(Dataset excerpts)
....................
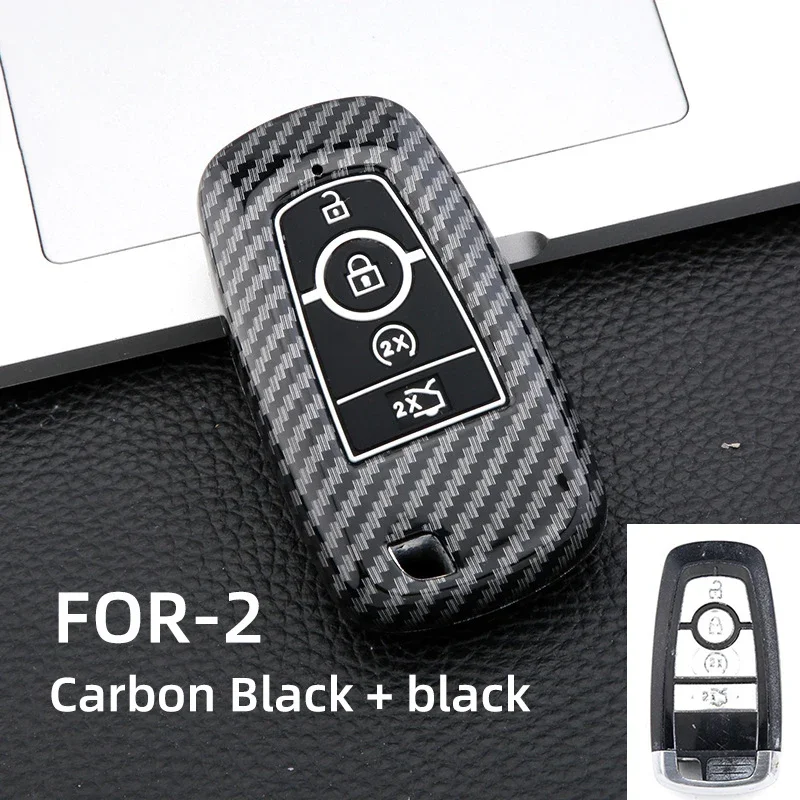 

3/4 Button Carbon FiberCar Key Case Full Cover for Ford Fusion Mustang Explorer F150 F250 F350 EcoSport Edge S-MAX Ranger Lincol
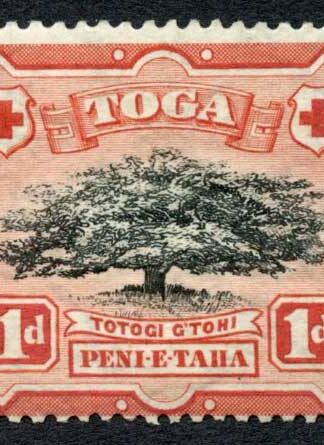 Tonga SG39b 1d variety Looped Branch M/M (brown gum) Cat 150 pounds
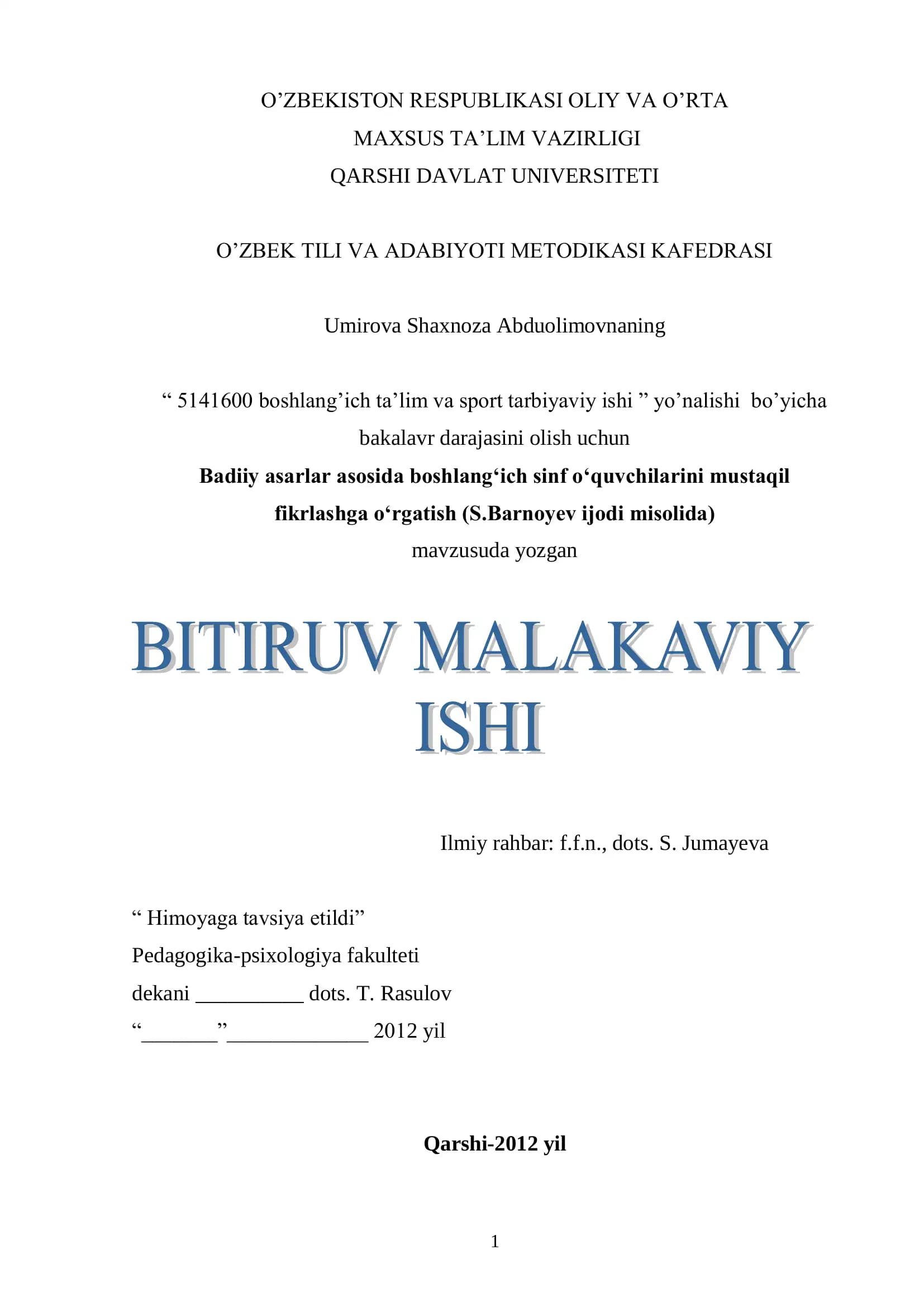 5141600 boshlang‘ich ta‘lim va sport tarbiyaviy ishi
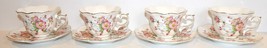 Lovely Set Of 4 Graces Teaware Porcelain Pink Floral &amp; Gold Trim Cups &amp; Saucers - £41.07 GBP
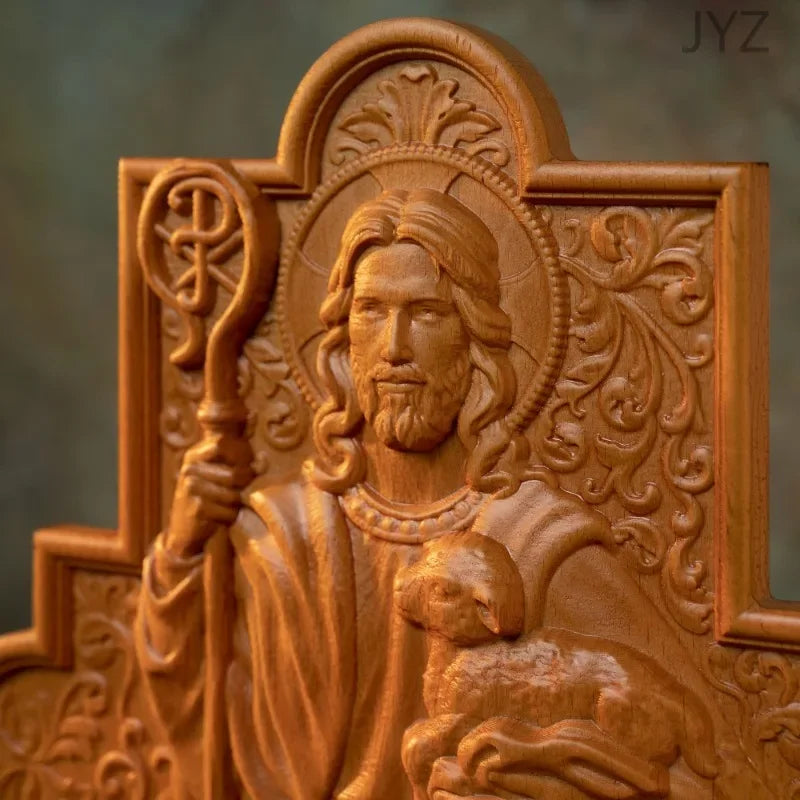 Vintage wood carved religious catholic saint jesus statue wall art decor - 35cm - (christian)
....................
§ GOAL OF THE EXERCISE: Will you set down the records word for word while leaving out every picture?

§ ANSWER BOX:
3/4 Button Carbon FiberCar Key Case Full Cover for Ford Fusion Mustang Explorer F150 F250 F350 EcoSport Edge S-MAX Ranger Lincol
 Tonga SG39b 1d variety Looped Branch M/M (brown gum) Cat 150 pounds
 5141600 boshlang‘ich ta‘lim va sport tarbiyaviy ishi
 Lovely Set Of 4 Graces Teaware Porcelain Pink Floral &amp; Gold Trim Cups &amp; Saucers - £41.07 GBP
 Vintage wood carved religious catholic saint jesus statue wall art decor - 35cm - (christian)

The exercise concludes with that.